Here are the detailed commercial-grade notes for the problem Ceiling and Floor in a Sorted Array, suitable for instructional and commercial use.

Problem Link

ceiling-in-a-sorted-array

Problem Statement

You are given a sorted array a of n integers and an integer x. Your task is to find both the floor and the ceiling of x in the array.

• Floor of x: the largest element in the array less than or equal to x.

• Ceiling of x: the smallest element in the array greater than or equal to x.

Return both values in an array of the form [floor, ceil].

Examples:

• Input: n = 6, x = 5, a = [3, 4, 7, 8, 8, 10]
  Output: [4, 7]

• Input: n = 6, x = 10, a = [1, 2, 3, 4, 5, 6]
  Output: [6, -1] (no ceiling)

• Input: n = 6, x = 0, a = [1, 2, 3, 4, 5, 6]
  Output: [-1, 1] (no floor)

Intuition

The array is sorted, which suggests using binary search to find the floor and ceiling efficiently in O(log n) time.

• If the target x is found, both floor and ceiling are equal to x.

• If not found, the current bounds of binary search (start and end) will help derive the floor and ceiling:

  • The floor will be at index end

  • The ceiling will be at index start

Approach

1. Initialize pointers:

   • start = 0, end = n - 1

2. Perform binary search:

   • If a[mid] == x, return [x, x]

   • If a[mid] > x, update end = mid - 1

   • If a[mid] < x, update start = mid + 1

3. After loop:

   • If end >= 0 and start < n, return [a[end], a[start]]

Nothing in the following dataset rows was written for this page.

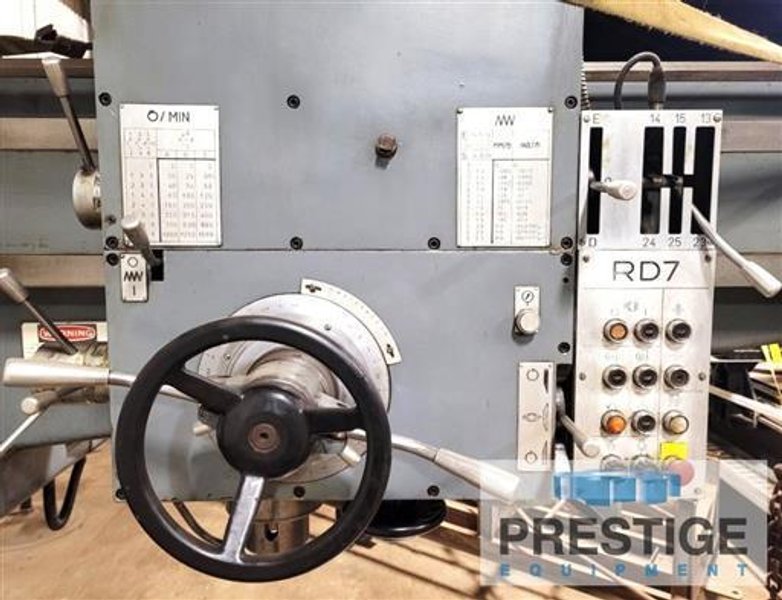 7&#039; x 20&quot; POLAMCO RADIAL DRILL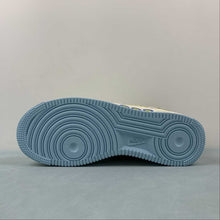 Cargar imagen en el visor de la galería, Air Force 1 07 Low Beige Light Blue Lemon Yellow FB0607-055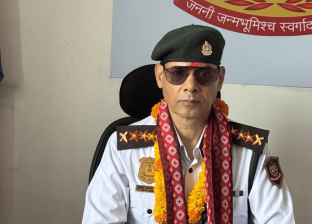 काठमाडौँ महानगर प्रहरीको नेतृत्वमा नयाँ उचाइ : विष्णुप्रसाद जोशी एसएसपीमा बढुवा
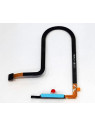 Flex boton home azul para Doogee N50 calidad premium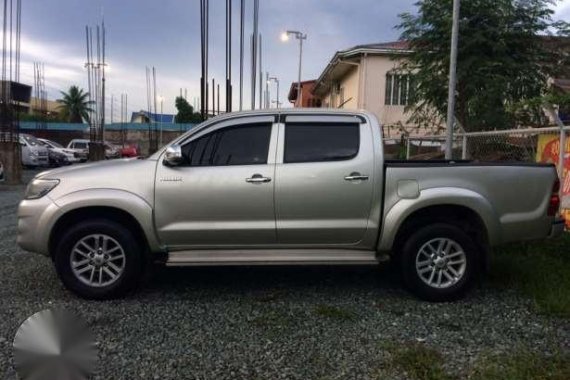 2012 hilux G diesel MT 760k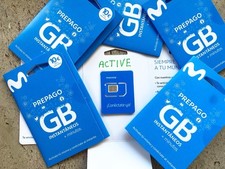 Spain sim card for sale  Shipping to Ireland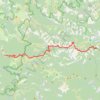 Trace GPS Signal de st pierre -Mont Aigoual 35 Openroute, itinéraire, parcours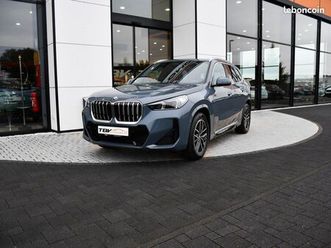 bmw x1 (u11) xdrive 23d 211 cv type m-sport cuir camera apple carplay keyless led attelage elec 1ere main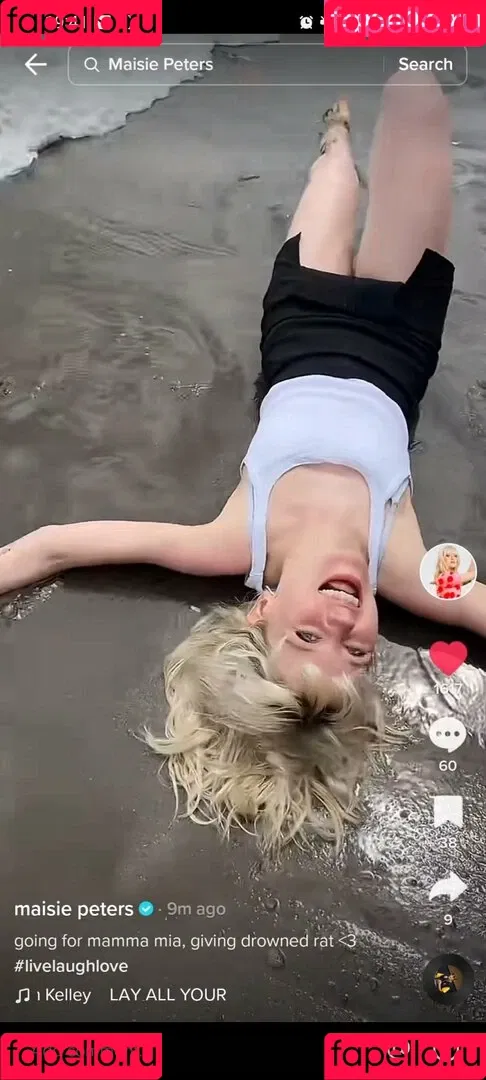 Maisie Peters Onlyfans Photo Gallery 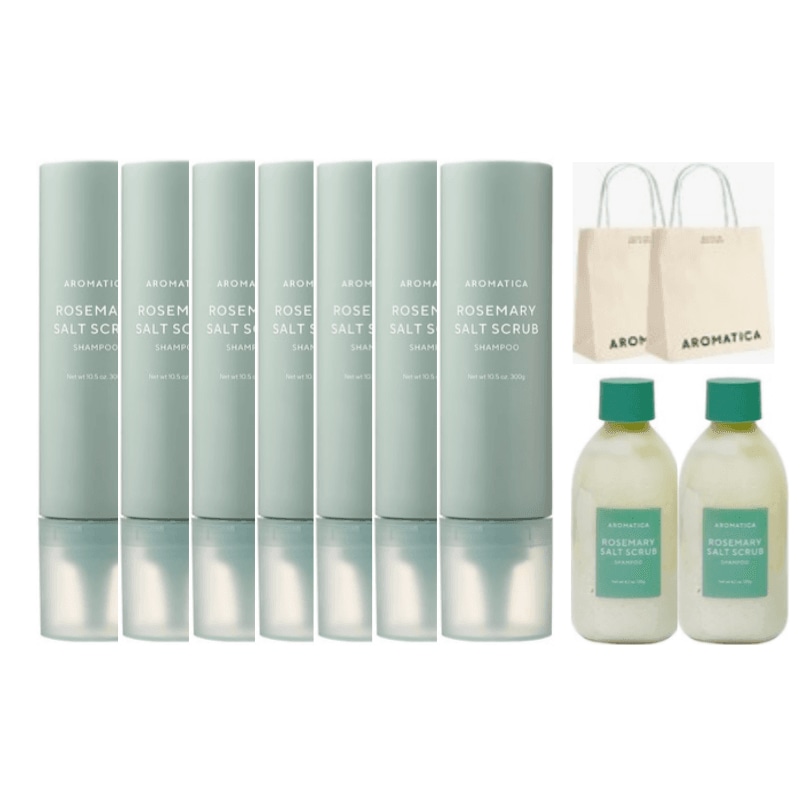 シャンプー A ローズマリーソルトスクラブシャンプー 300ml*7個 【公式通販】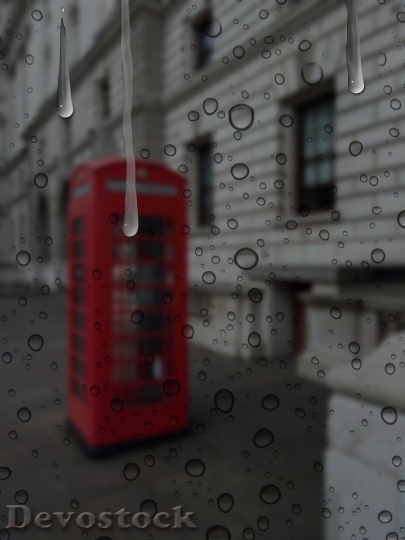 Devostock Rain London Wet Weather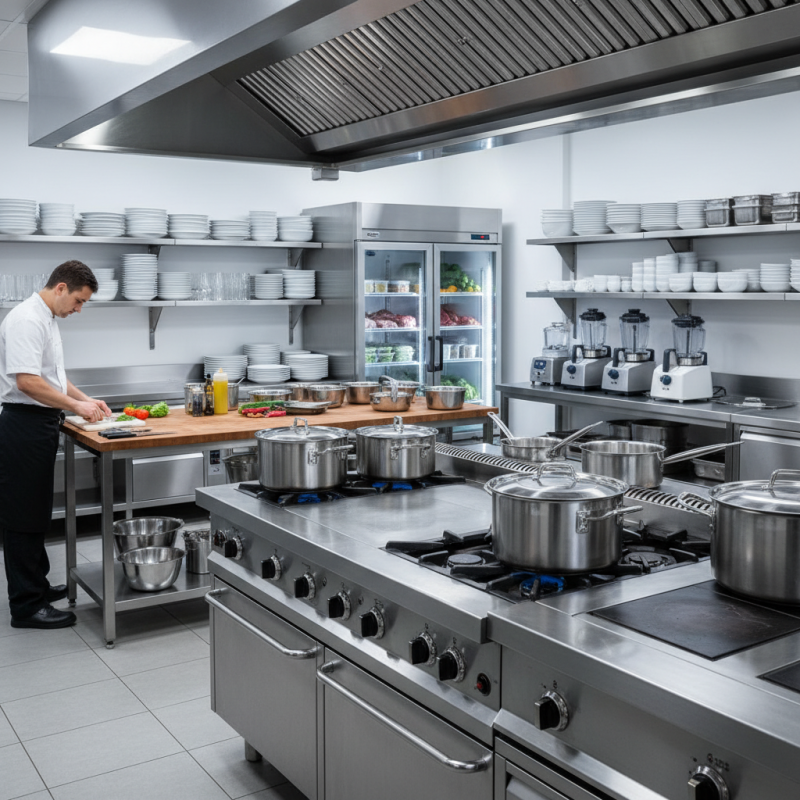 How to Choose the Best Commercial Kitchenware for Your Business?
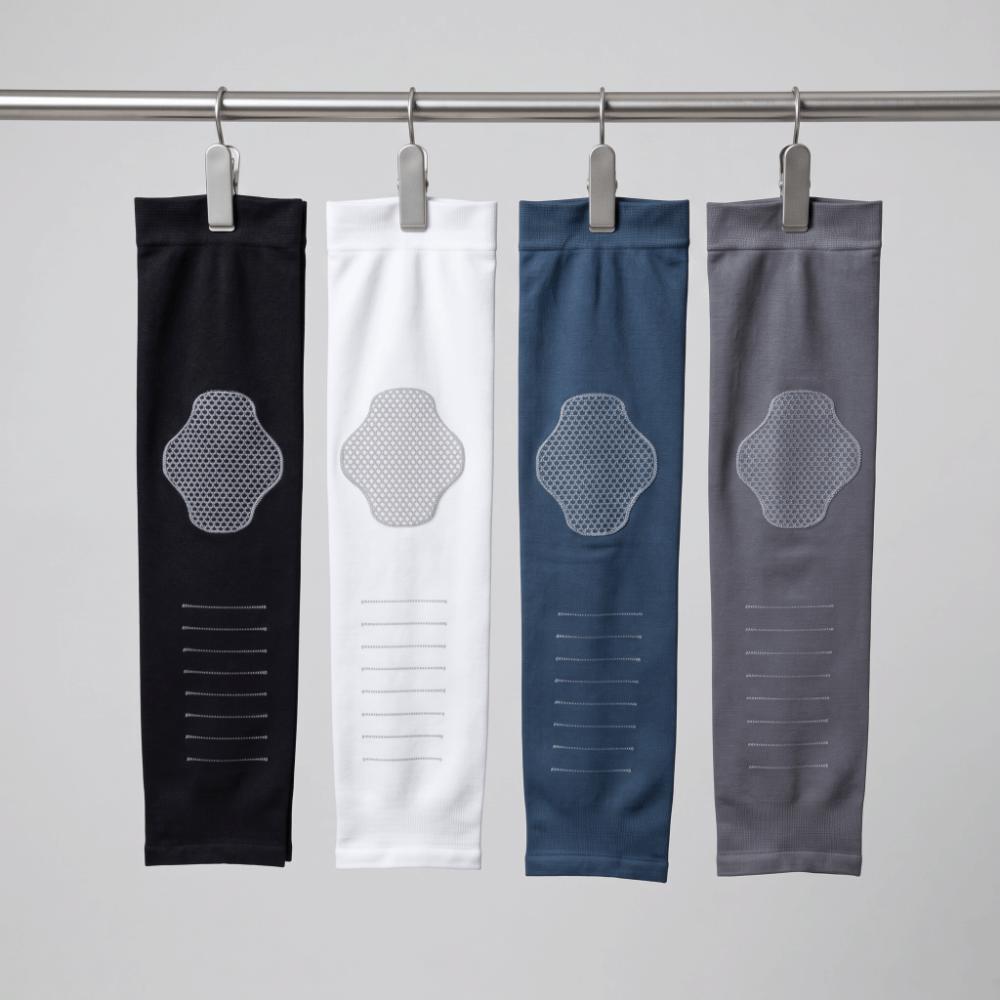 Breathable Sun Protection Sleeves Quick Dry Cycling Sleeves Men's Arm Covers Sports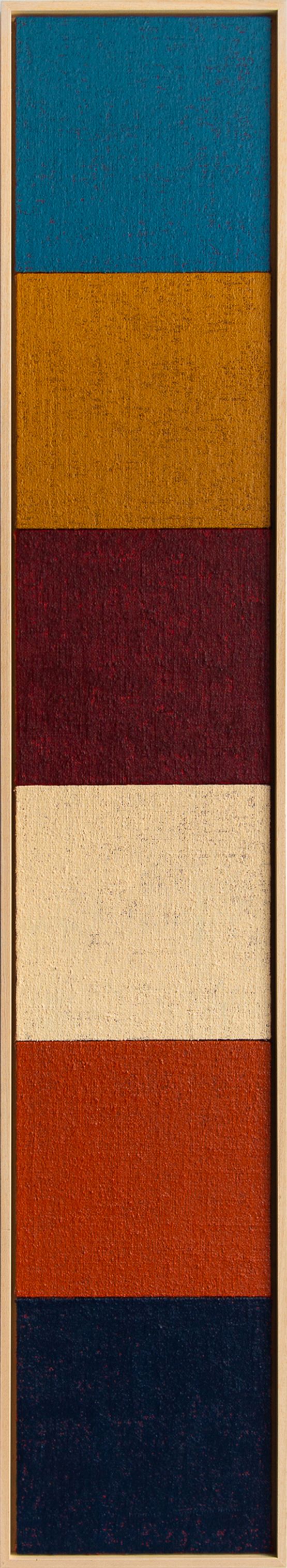 Untitled by Johnny Abrahams contemporary artwork Painting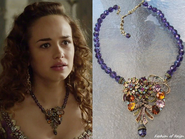 Heidi Daus Beaded & Crystal Drop Necklace.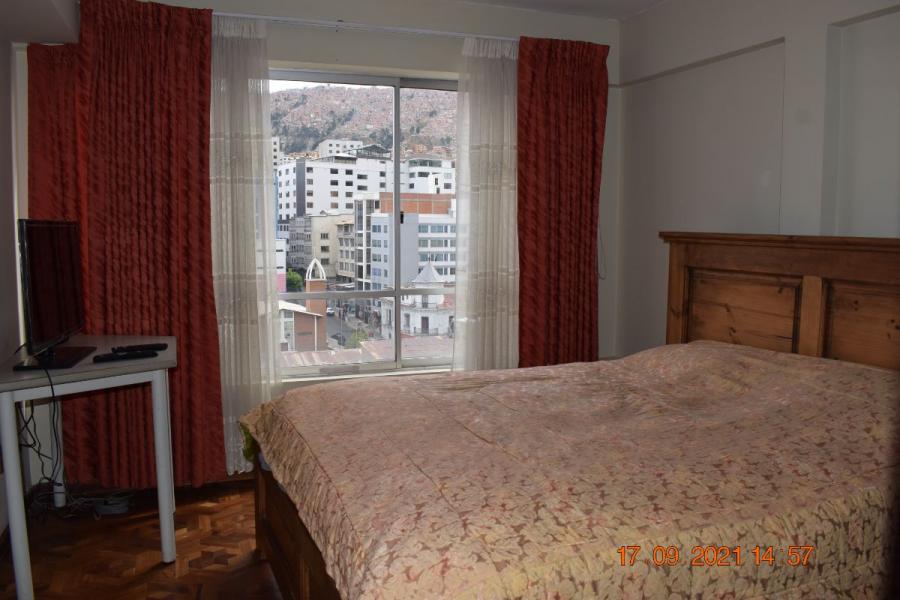 Foto Departamento en Alquiler en Zona central -  bajo sopocachi, La Paz, La Paz - $ 3.500 - DEA5302 - BienesOnLine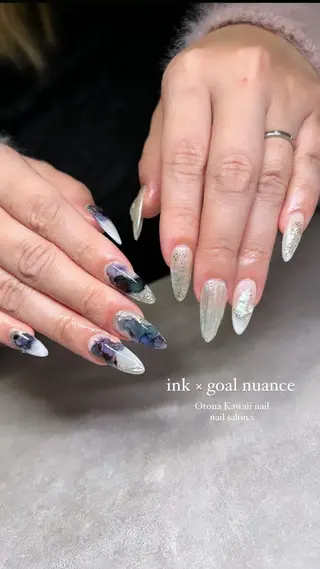 ネイル 関山 志乃のネイルデザイン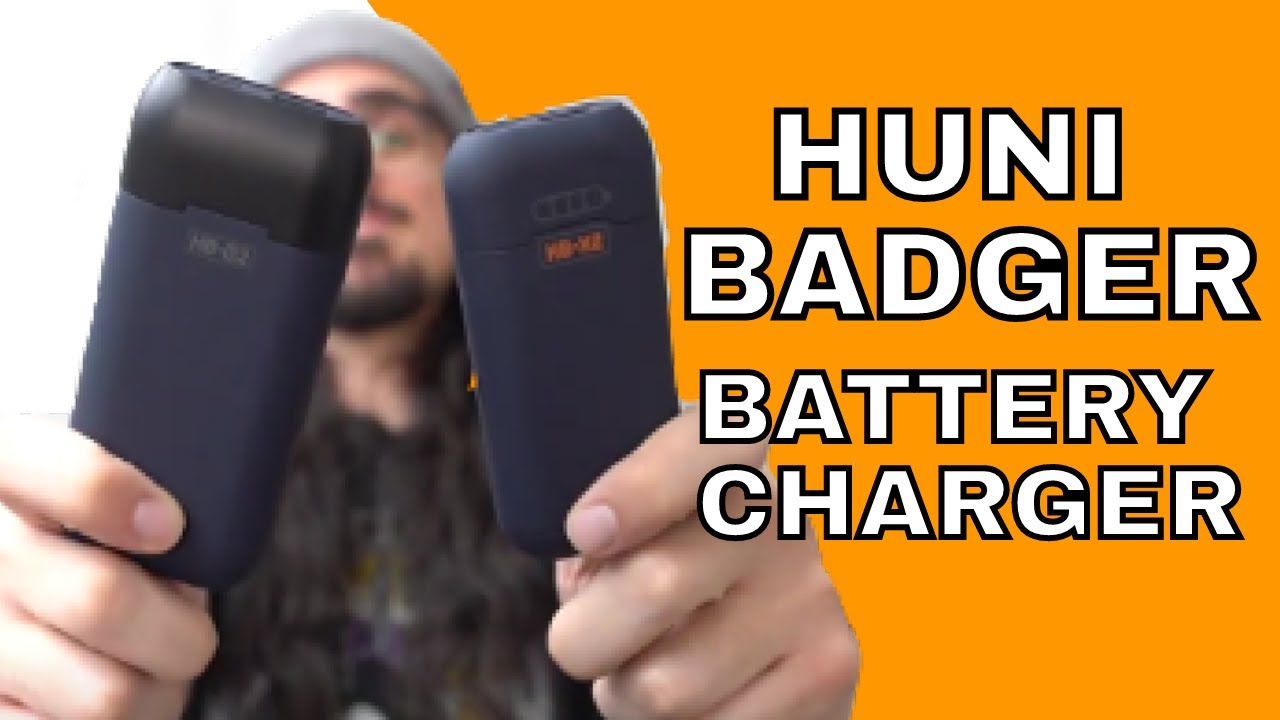 BEST HUNI BADGER CHARGERS!!! (HB-X2 AND HB-D2)
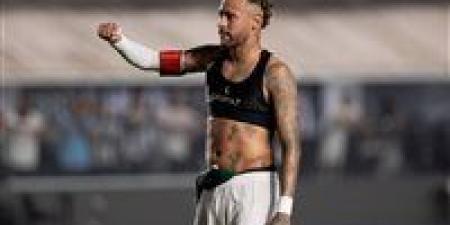 إصابة نيمار تهدد مستقبل سانتوس.. ضربة موجعة للفريق قبل المباريات الحاسمة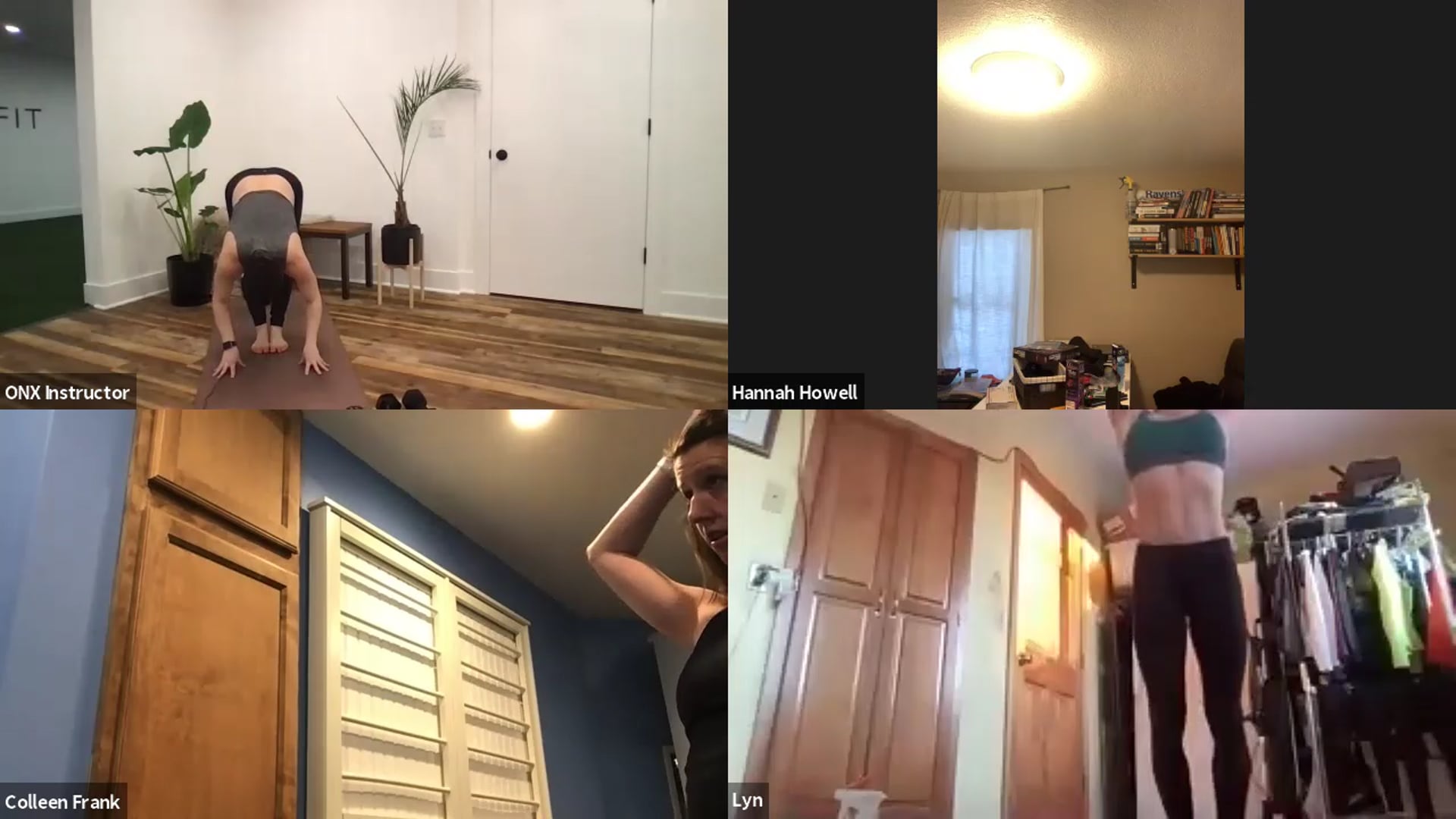 Yoga Sculpt (ZOOM) | Sasha 3.4 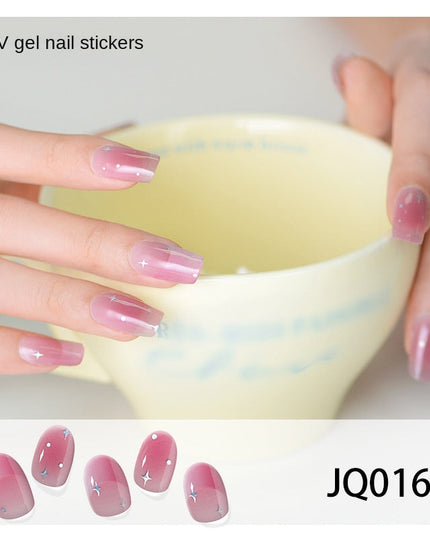 UV Gel Nail Art Patches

   • If end < 0, it means there’s no element ≤ x, so floor is -1

   • If start == n, it means there’s no element ≥ x, so ceiling is -1

Code in Java

public class Solution {
    public static int[] getFloorAndCeil(int[] a, int n, int x) {
        int start = 0;
        int end = a.length - 1;

        while (start <= end) {
            int mid = start + (end - start) / 2;

            if (a[mid] == x) {
                return new int[]{a[mid], a[mid]};
            } else if (a[mid] > x) {
                end = mid - 1;
            } else {
                start = mid + 1;
            }
        }

        if (end != -1 && start != a.length) {
            return new int[]{a[end], a[start]};
        }

        if (end == -1) {
            return new int[]{-1, a[start]};
        } else {
            return new int[]{a[end], -1};
        }
    }
}

Time and Space Complexity

• Time Complexity: O(log n)
  The array is searched using binary search.

• Space Complexity: O(1)
  Only constant extra space is used.

Dry Run

Input:

a = [3, 4, 7, 8, 8, 10], x = 5

Steps:

• start = 0, end = 5

• mid = 2, a[2] = 7 → 7 > 5 → end = 1

• mid = 0, a[0] = 3 → 3 < 5 → start = 1

• mid = 1, a[1] = 4 → 4 < 5 → start = 2

Loop ends with start = 2, end = 1

• Floor = a[1] = 4, Ceiling = a[2] = 7

Output: [4, 7]

Conclusion

This problem is a classic variation of binary search where instead of simply locating a value, we extract boundary values (floor and ceiling) based on binary search termination indices. Understanding the relationship between start and end post-search is key to solving such problems efficiently in logarithmic time.